** The problem **
Your output should match the listing below word for word, without any images.

** Source material **
======
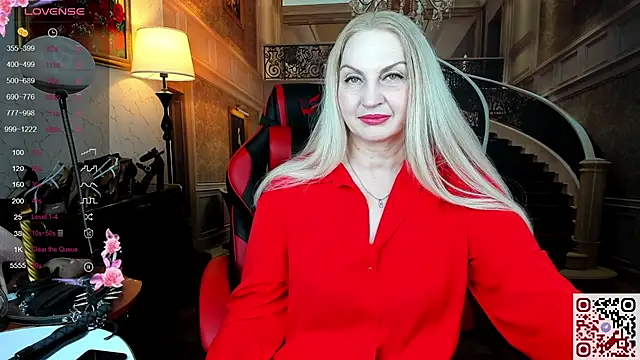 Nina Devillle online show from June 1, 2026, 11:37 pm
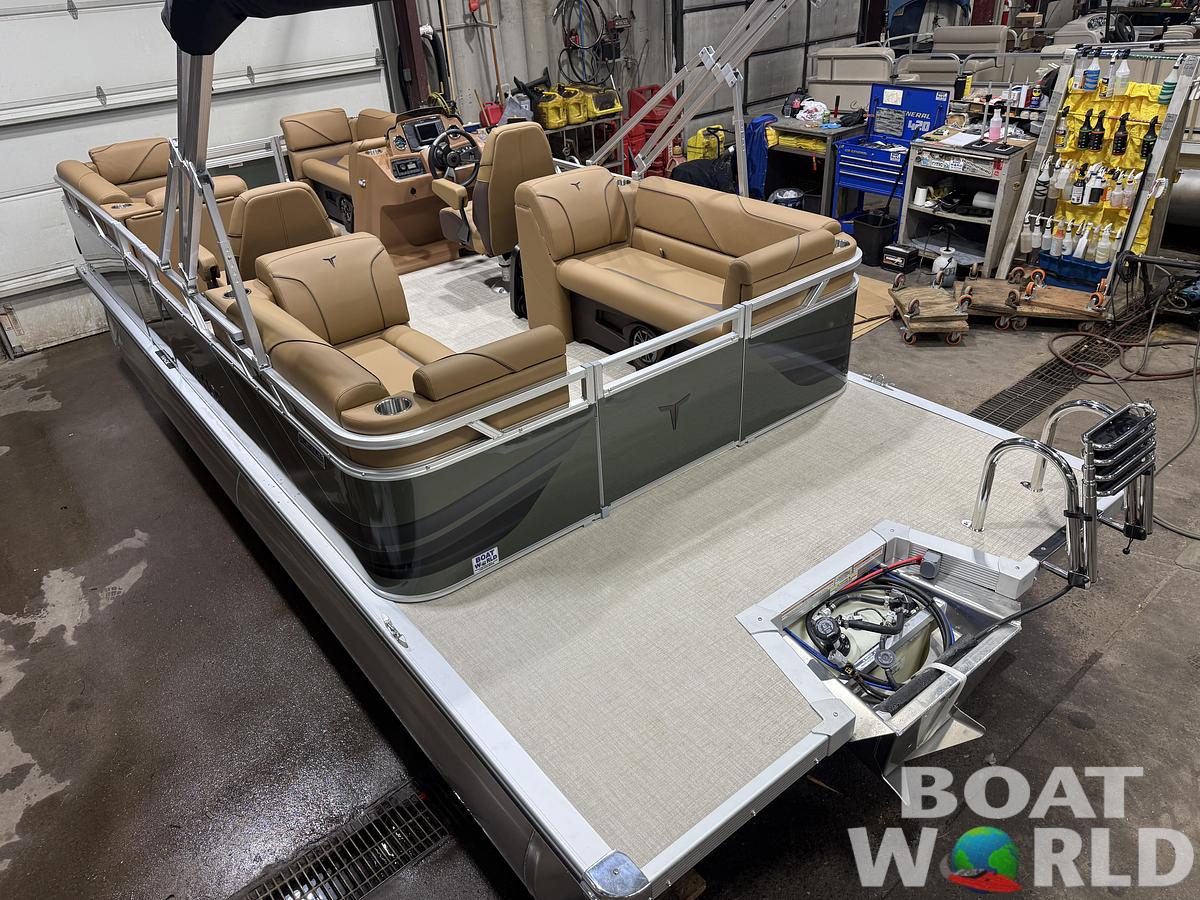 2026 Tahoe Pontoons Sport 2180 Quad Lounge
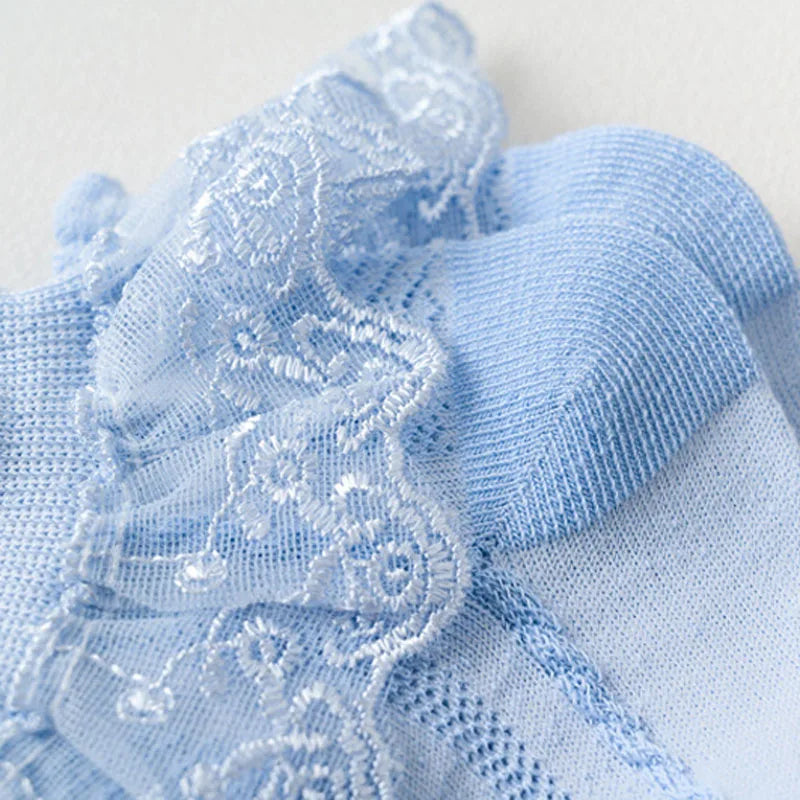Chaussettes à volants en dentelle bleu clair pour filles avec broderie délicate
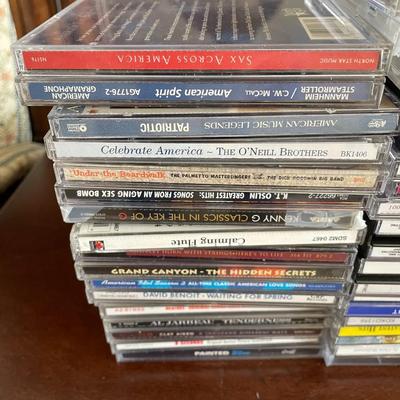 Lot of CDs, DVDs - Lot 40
======
** Answer box **
 Nina Devillle online show from June 1, 2026, 11:37 pm
 2026 Tahoe Pontoons Sport 2180 Quad Lounge
Chaussettes à volants en dentelle bleu clair pour filles avec broderie délicate
 Lot of CDs, DVDs - Lot 40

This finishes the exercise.